Entwickler müssten lernen, die Kontrolle aufzugeben und den Spieler die eigene VR-Erfahrung stärker gestalten lassen. “Sie können viel mehr bewirken und haben beinahe die Führungsrolle.”

Umgekehrt hätten die Entwickler eine höhere Verantwortung bezüglich der Inhalte, die sie Spielern zumuten. Die Einverständniserklärung, sich auf eine virtuelle Erfahrung einzulassen, sei bei VR-Spielen weniger eindeutig als bei traditionellen Games.
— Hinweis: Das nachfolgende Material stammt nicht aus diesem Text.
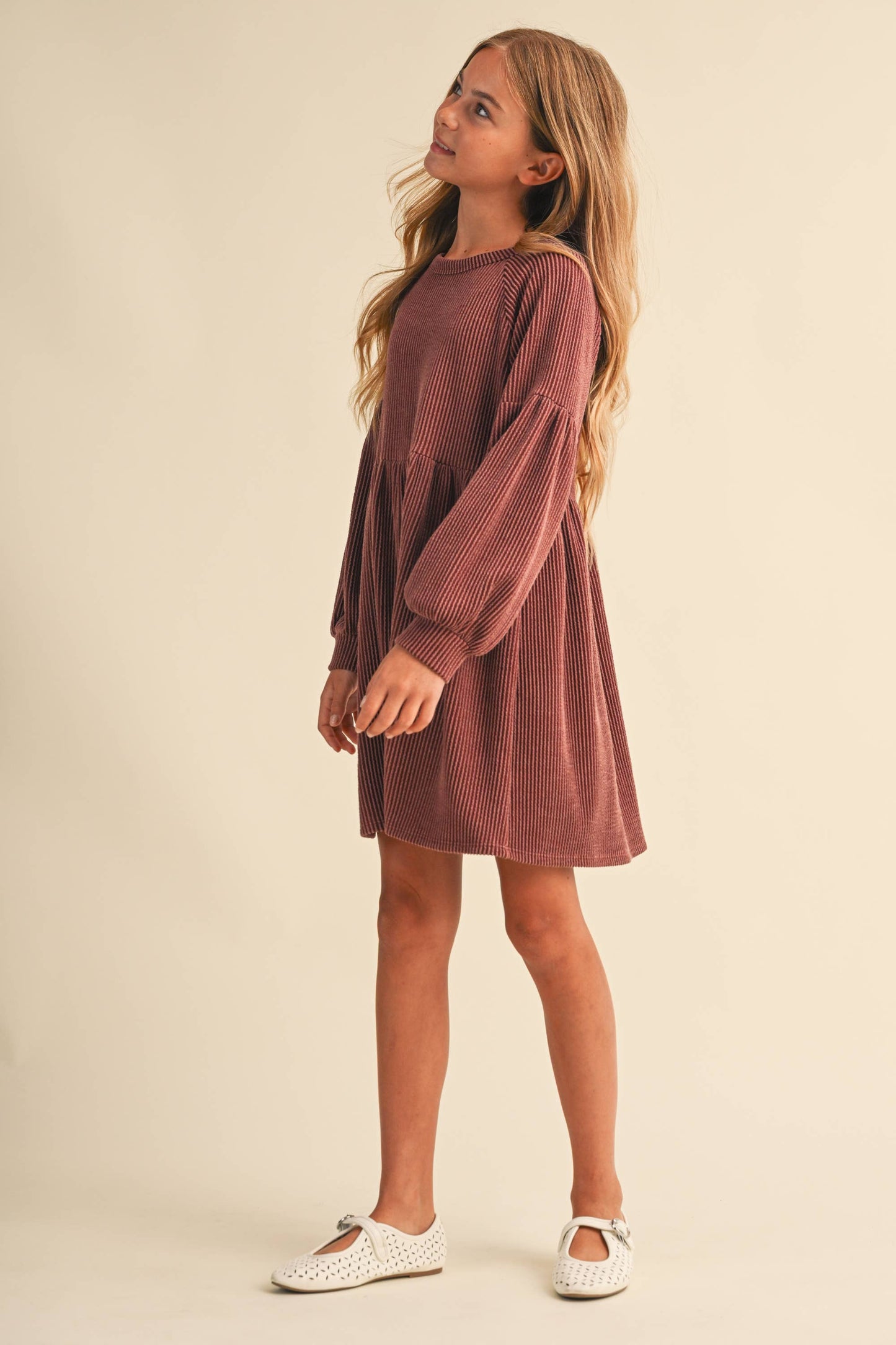 TWEEN KIDS GIRLS BABYDOLL KNIT DRESS (7-14)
Würde in der VR-Welt beispielsweise eine hohe Brücke über einen Canyon vorkommen, könnte das Menschen mit Höhenangst verstören.

Emre Deniz weist daraufhin, dass Virtual Reality nicht für Spiele erfunden wurde, sondern eine lange Tradition bis zurück in die 60er-Jahre habe. Für VR müsse man mehr vom traditionellen Gamedesign aufgeben, als man übernehmen könne. “VR-Design und Spieldesign sind nicht komplett exklusiv, aber überschneiden sich nicht immer.”